In a next step 408, the usage rate can be calculated. Microprocessor 322 may normalize the data prior to calculating usage. In one example, 56 bits have been transmitted in every 1/10 of a second. However, a collection cycle can occur every second. Therefore, in each second, 560 bits can be transmitted.

Once the data is normalized, the logical configuration can calculate usage. The usage rate can be calculated by dividing the actual number of bits per second by the number of bits per second that a line can carry. In this example, because the network device is a one billion bit Ethernet device, the microprocessor can divide the normalized number by one billion bits to determine the usage rate.

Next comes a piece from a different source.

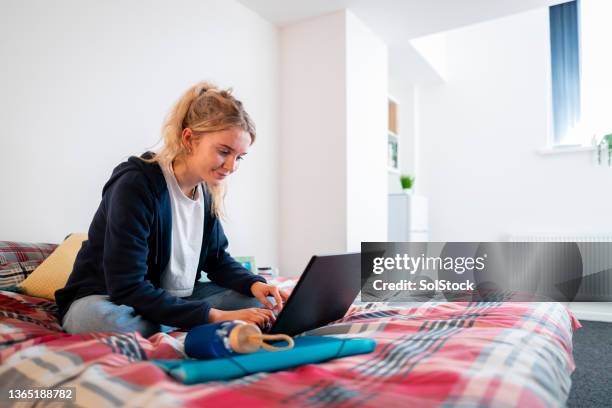 video calling into lecture - college dorm stock pictures, royalty-free photos & images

As can be understood from the foregoing description, the same procedure as described in FIG. 4 can also be applied to, for example, a Gigabit Media Independent Interface (GMII), etc., such as RX_DV and RX_CLK, which can be used to calculate usage. Other bus lines for control signals.

Figure 5 illustrates an example of a network device having a visual performance display configuration in an embodiment of the present invention. A network device 500 can include a plurality of ports. In this example, network device 500 can include two network ports (502 and 504) and two monitoring ports (506 and 508). As can be seen from the foregoing description, the network device can be any device capable of directing Ethernet traffic. Therefore, the network device 500 can be a router, a switch, and a network splitter.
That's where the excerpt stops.